* Required action *
Scan the entries below. Report each line where the string "صفحه" occurs.

[Web page caption snippets]
*** Block opens ***

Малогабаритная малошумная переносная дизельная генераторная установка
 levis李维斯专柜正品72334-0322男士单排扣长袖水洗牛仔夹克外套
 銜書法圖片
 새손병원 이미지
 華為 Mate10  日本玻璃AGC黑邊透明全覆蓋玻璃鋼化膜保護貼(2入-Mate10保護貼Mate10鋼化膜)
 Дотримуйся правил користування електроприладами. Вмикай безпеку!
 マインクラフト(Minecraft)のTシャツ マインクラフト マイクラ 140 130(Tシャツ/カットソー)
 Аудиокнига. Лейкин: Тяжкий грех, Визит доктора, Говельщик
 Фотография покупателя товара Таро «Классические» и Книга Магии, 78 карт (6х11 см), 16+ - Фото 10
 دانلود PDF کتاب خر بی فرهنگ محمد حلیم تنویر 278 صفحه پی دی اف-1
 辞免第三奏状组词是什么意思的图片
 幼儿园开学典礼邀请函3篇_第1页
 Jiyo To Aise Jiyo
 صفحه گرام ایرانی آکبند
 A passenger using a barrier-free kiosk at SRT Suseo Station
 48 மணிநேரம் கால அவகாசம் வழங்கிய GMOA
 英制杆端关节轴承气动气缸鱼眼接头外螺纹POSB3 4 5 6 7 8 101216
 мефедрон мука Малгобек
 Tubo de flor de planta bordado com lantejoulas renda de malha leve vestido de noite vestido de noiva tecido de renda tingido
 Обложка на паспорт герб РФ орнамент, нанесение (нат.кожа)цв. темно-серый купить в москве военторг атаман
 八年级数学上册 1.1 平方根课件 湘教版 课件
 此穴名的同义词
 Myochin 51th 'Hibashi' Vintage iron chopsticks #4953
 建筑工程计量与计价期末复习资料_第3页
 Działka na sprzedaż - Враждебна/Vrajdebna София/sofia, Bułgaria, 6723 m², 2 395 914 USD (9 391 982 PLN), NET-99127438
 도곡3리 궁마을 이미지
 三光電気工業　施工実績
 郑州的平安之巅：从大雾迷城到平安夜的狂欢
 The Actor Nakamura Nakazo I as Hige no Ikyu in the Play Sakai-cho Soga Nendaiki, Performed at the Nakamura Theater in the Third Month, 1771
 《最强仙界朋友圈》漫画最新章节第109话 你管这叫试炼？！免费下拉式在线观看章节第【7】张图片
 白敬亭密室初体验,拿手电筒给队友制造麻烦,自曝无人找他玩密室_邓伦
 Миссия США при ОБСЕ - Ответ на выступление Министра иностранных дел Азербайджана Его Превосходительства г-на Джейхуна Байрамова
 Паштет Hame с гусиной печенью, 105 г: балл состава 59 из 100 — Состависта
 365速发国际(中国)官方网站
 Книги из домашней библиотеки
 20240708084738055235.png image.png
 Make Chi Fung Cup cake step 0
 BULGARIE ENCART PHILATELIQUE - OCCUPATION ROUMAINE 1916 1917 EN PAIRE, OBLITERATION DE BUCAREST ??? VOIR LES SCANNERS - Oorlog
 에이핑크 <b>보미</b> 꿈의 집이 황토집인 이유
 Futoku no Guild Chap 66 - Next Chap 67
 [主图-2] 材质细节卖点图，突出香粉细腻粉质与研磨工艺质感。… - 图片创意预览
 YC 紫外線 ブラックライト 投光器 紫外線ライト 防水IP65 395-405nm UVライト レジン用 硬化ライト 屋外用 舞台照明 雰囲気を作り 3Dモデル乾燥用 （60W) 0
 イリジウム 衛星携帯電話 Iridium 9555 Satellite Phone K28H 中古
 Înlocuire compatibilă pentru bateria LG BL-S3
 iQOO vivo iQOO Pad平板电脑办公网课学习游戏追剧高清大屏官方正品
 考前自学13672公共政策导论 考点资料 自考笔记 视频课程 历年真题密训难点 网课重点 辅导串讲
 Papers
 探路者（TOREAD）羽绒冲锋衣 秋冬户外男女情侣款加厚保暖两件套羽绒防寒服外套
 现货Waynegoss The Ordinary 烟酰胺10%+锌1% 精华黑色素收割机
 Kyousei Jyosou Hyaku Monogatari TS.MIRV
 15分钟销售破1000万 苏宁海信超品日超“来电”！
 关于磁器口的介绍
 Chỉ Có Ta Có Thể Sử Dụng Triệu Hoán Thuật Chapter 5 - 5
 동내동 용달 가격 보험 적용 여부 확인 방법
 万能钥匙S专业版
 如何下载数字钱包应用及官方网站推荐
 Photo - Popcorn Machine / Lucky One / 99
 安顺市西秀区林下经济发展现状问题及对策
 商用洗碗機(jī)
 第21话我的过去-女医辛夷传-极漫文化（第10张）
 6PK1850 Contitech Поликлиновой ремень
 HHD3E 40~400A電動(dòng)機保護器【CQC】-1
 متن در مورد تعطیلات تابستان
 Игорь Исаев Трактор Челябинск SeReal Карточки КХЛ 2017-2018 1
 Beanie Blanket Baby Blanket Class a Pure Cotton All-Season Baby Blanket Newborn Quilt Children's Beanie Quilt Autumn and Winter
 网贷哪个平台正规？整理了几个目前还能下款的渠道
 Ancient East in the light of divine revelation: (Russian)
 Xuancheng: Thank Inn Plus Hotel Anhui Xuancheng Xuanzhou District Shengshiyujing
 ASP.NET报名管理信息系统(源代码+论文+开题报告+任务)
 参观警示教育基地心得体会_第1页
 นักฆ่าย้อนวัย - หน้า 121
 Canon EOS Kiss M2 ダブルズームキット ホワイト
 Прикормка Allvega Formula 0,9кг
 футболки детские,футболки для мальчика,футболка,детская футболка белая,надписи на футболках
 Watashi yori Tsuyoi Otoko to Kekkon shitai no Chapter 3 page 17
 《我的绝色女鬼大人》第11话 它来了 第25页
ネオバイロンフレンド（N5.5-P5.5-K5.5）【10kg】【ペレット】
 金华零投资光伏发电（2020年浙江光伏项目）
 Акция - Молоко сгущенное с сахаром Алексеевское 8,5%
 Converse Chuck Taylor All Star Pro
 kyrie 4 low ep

*** Block closes ***

* Task answer *
 دانلود PDF کتاب خر بی فرهنگ محمد حلیم تنویر 278 صفحه پی دی اف-1
 صفحه گرام ایرانی آکبند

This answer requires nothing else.